## [Task instructions]
The response should repeat word for word every line below from the one with "MDH-REAL-C55-GN_1" to the one with "橄榄核吊坠西****店橄榄树，我的微博是什么", inclusive, and nothing else; leave pictures out.

## [Source material]
====================
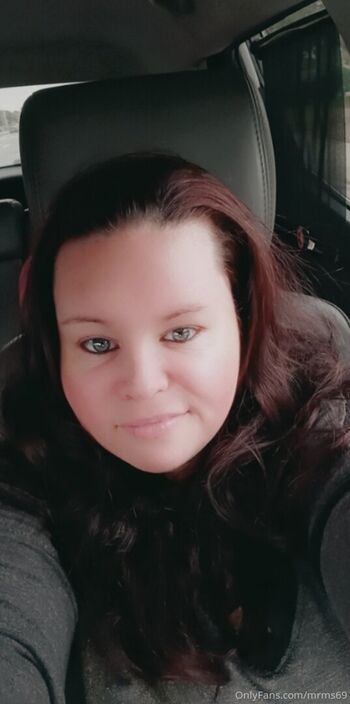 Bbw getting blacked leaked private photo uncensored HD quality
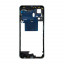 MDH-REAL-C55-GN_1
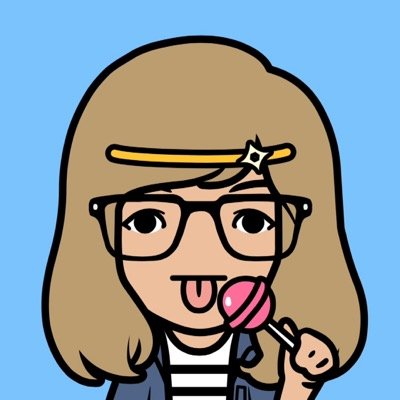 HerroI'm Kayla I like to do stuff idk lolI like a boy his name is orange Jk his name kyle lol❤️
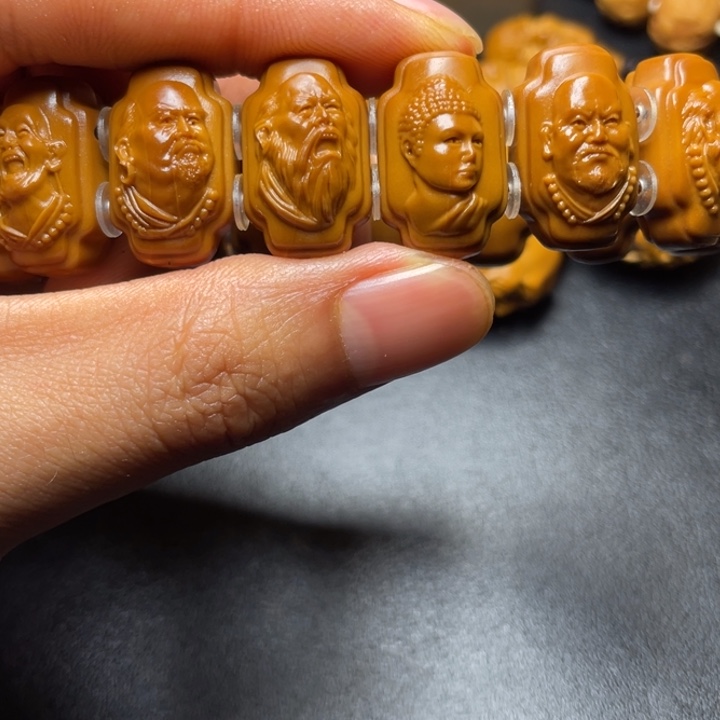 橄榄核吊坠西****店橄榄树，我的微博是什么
====================
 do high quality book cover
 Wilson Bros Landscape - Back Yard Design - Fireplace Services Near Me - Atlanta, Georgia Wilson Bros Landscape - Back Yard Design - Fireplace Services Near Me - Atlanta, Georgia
====================
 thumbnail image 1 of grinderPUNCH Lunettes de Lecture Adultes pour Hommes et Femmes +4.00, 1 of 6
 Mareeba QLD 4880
====================
## [Your solution]
 MDH-REAL-C55-GN_1
 HerroI'm Kayla I like to do stuff idk lolI like a boy his name is orange Jk his name kyle lol❤️
 橄榄核吊坠西****店橄榄树，我的微博是什么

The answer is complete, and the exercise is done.